The Girl with the Dragon Tattoo

Review by © Jane Freebury

In our anti-heroic age, the girl with a dragon tattoo is a perfect heroine. She is the rank outsider, an asocial girl geek with sleek black hair, nose rings, platforms and attitude in spades. For those who get really close, an unpleasant surprise might be waiting – a writhing dragon down her spine. Even intimacy isn’t easy for Lisbeth Salander.

Getting her character right was the single most important thing for this movie adaptation. And it has succeeded. As she is played by Noomi Rapace, Salander is still far and away the most interesting thing about this epic thriller from Sweden, based on the first of the best-selling crime fiction ‘millennium trilogy’ that found a fit with the zeitgeist of the ‘noughties’.

There are big shoes to fill. Everyone who has been into a book store lately will know how these thrillers have taken off. The fact that they were published posthumously after the author, Swedish investigative journalist Stieg Larsson, died suddenly at 50 has perhaps added a frisson to the significance of the material the books contain. But this is speculation.

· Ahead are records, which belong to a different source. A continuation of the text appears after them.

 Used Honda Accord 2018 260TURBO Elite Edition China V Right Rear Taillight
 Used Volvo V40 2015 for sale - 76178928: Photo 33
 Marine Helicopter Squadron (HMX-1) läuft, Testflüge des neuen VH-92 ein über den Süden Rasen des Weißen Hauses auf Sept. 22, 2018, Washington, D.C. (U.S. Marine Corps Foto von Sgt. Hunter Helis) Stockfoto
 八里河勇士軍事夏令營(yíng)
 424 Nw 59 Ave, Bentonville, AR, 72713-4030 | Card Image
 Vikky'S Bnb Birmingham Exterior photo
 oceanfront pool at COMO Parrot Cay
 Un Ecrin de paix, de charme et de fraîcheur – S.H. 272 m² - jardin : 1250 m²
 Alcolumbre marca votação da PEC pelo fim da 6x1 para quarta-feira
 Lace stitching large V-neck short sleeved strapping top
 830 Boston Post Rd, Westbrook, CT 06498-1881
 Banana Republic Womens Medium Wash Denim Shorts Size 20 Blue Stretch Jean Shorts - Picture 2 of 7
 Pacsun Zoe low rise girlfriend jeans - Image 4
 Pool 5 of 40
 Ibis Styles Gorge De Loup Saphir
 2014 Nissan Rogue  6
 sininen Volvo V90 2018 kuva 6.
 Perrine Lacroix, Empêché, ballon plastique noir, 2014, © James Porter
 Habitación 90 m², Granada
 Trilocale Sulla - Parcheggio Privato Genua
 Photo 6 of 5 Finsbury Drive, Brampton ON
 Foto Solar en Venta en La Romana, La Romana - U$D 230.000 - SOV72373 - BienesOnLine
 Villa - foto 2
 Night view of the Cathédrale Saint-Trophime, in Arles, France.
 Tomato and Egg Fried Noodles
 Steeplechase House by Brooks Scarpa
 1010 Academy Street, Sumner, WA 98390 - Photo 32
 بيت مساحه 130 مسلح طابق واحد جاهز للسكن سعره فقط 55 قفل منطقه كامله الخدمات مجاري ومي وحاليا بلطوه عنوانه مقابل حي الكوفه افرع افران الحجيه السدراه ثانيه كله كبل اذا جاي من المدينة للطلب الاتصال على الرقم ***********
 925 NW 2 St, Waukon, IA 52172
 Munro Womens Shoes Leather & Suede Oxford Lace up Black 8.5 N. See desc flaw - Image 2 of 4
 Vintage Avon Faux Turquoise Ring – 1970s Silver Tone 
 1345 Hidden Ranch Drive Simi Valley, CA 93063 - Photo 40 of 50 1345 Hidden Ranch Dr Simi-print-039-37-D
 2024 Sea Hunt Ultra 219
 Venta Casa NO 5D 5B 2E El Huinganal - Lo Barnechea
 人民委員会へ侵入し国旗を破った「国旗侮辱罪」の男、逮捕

A mild-mannered, scruffy middle-aged journalist Mikael Blomkvist (Michael Nyqvist from As It Is In Heaven, and Suddenly) is hired by a wealthy retired industrialist to solve the mystery of his niece’s disappearance 40 years ago. Foul play is suspected. Although Blomkvist prefers to crusade against corporate corruption, he finds the offer hard to refuse and he goes to live in forested seclusion among his client’s family members to investigate. Any number of the family members could be suspected of murdering a pretty teenager who was her childless uncle’s favourite.

Blomkvist is adequate for the task, but it’s not until he teams up with his neo-punk, kickboxing partner Salander that he begins to make some progress. Like old-style journos, she seems to live on coffee and cigarettes, but her kick-ass style and stunning computer hacker skills bring this 1970s style conspiracy thriller about an establishment rotten to the core right up to date.

When they stumble upon the trail of a serial killer, and the film doesn’t spare us from the details. This tends to tip things more towards horror than chilling, edge of your seat thrillers like Klute and Silence of the Lambs. Expect some confronting violence.

Curiously, the film has cleaned up Blomkvist’s sex life. It barely hints at his other affairs, and so it has to end differently than the book, which is a pity. But overall, it’s a fine, well honed adaptation that has picked out the key points of the book from a mass of detail. Expect to see next instalment The Girl Who Played with Fire anytime soon.

In a capsule: Although the movie strips a mass of detail from the book it’s a fine, well honed adaptation—with confronting violence intact. The character Salander is particularly well realised, and the backdrop has that familiar Swedish gloom that we expect and would miss if it wasn’t there.